Using the freq CAS action
Instead of using the Pandas API in the SWAT package you can achieve similar results using native CAS actions. In SWAT, CAS actions are simply specified as a method. One action that provides the count of unique values is the simple.freq CAS action.
For example, I can find the count of unique values for multiple columns within the freq action. Here, I'll specify the Engine_Model, Model_Year and Campaign_Type columns in the the inputs parameter. Then, I'll call the Frequency key after the action to obtain the SASDataFrame stored in the dictionary returned to the Python client. Remember, CAS actions always return a dictionary, or CASResults object, to the Python client. You must use familiar dictionary manipulation techniques to work with the results of an action. For more information on working with results of CAS actions, check out Part 2 - Working with CAS Actions and CASResults Objects.
## Columns to analyze colNames = ['Engine_Model', 'Model_Year', 'Campaign_Type'] ## Execute the freq CAS action and store the SASDataFrame freq_df = tbl.freq(inputs = colNames)['Frequency'] ## Display the type and DataFrame display(type(freq_df), freq_df) |
Again, the action processes the data in the distributed CAS server and returns results to the Python client. The results show the freq action counts the unique values of each column and stores the results in a single SASDataFrame. Once you have the SASDataFrame on the client, you can work with it like you would a Pandas DataFrame.
For example, I'll loop over each analysis column, query the SASDataFrame for the specific column name, and then plot the count of unique values of each column using the familiar Pandas package.
for column in colNames: (freq_df .query('Column == @column') .loc[:,['CharVar','Frequency']] .set_index('CharVar') .sort_values(by = 'Frequency', ascending=False) .plot(kind='bar', figsize=(8,6), title = f'The {column} Column') ) |
The loop produces a visualization of the count of unique values for each analysis column. This was all done using familiar Pandas code on the client side. Remember, the distributed CAS server did all of the processing and summarization, then returned smaller summarized results to the Python client.
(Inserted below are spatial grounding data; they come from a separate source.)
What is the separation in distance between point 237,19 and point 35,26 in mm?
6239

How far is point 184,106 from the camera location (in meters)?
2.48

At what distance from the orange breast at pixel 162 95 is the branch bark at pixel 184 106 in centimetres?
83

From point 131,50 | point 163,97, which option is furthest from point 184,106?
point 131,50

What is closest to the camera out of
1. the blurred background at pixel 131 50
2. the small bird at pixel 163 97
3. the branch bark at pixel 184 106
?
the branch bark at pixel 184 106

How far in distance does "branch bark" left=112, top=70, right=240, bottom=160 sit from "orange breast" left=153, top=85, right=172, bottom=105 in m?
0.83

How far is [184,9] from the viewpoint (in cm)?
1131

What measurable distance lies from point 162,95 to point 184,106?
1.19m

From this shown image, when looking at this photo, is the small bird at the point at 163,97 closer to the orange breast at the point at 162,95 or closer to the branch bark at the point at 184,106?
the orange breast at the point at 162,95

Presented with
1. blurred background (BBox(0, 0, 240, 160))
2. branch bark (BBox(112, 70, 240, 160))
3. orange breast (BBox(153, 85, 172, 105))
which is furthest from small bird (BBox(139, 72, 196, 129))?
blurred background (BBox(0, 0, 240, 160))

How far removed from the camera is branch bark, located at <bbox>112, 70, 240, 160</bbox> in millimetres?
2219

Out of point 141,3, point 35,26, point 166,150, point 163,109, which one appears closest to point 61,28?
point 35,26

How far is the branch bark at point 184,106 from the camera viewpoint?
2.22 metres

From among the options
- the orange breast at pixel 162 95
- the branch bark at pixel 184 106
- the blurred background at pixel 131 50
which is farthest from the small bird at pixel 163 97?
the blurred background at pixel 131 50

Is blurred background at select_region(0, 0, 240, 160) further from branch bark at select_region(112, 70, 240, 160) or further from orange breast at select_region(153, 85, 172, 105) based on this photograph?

Using the freqTab CAS action
Lastly, you can use the freqTab.freqTab CAS action to construct frequency and crosstabulation tables. The freqTab action provides a variety of additional features and information. The action is not loaded by default, so I'll begin by loading the action set.
conn.loadActionSet('freqTab') |
Then I'll use the freqTab action in the freqTab action set to count the unique values for the Model_Year and Engine_Model columns, and also count the unique values of Engine_Model by Model_Year.
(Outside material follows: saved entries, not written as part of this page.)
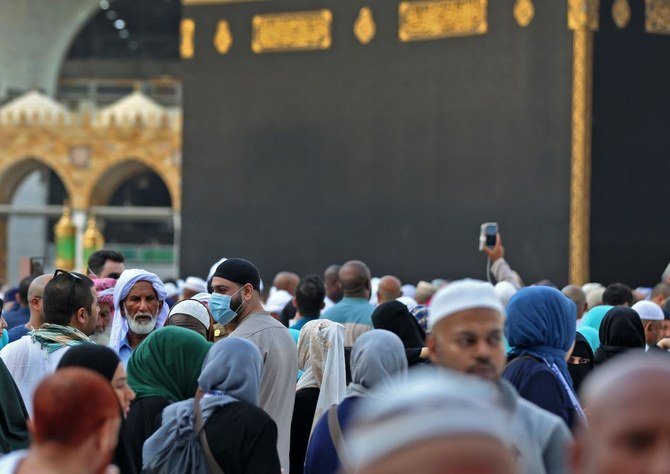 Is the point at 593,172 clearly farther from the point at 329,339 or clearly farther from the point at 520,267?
the point at 329,339

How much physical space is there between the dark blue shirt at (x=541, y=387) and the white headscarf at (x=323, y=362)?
3.89 ft

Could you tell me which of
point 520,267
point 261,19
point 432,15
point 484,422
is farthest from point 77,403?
point 261,19

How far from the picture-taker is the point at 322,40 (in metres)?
13.7

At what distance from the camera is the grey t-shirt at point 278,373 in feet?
12.8

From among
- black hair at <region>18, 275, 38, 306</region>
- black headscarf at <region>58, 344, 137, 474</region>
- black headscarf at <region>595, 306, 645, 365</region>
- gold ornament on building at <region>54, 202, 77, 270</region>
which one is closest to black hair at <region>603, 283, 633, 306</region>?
black headscarf at <region>595, 306, 645, 365</region>

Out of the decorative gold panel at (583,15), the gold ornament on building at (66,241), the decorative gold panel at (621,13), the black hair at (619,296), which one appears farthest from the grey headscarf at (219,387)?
the gold ornament on building at (66,241)

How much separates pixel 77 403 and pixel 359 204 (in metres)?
11.2

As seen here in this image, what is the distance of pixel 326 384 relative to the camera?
425cm

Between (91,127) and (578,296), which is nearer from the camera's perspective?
(578,296)

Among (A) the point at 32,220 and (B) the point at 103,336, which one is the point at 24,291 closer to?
(B) the point at 103,336

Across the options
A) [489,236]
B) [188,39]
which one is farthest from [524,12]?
[489,236]

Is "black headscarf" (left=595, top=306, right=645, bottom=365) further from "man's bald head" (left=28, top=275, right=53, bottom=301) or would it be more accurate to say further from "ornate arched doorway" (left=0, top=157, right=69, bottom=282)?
"ornate arched doorway" (left=0, top=157, right=69, bottom=282)

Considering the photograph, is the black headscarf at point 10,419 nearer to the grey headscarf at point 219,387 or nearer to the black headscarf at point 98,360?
the grey headscarf at point 219,387

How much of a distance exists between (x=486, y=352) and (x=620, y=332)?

tbl.freqTab(tabulate = [ 'Model_Year', 'Engine_Model', {'vars':['Engine_Model','Model_Year']} ] ) |
The results above show the freqTab action returns a dictionary with a variety of information. The first SASDataFrame is level information, the second SASDataFrame shows the number of observations used, and the remaining SASDataFrames show the two one-way frequency tables for Model_Year, and Engine_Model, and the crosstabulation between Engine_Model by Model_Year (also includes the totals).
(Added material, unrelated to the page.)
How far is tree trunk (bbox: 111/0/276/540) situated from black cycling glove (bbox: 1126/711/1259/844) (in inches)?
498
With the results on the Python client, you can begin accessing and manipulating the SASDataFrames as needed.
Summary
The SWAT package blends the world of Pandas and CAS. You can use many of the familiar Pandas methods within the SWAT package like value_counts, or the flexible, highly optimized CAS actions like simple.freq and freqTab.freqTab to obtain counts of unique values in the massively parallel processing CAS engine. For more examples on the freq or freqTab CAS actions, check out my CAS action four part series (part 1, part 2, part 3 and part 4). The four part series executes CAS actions using the native CAS language. However, with some small changes to the syntax you can execute the same actions using Python.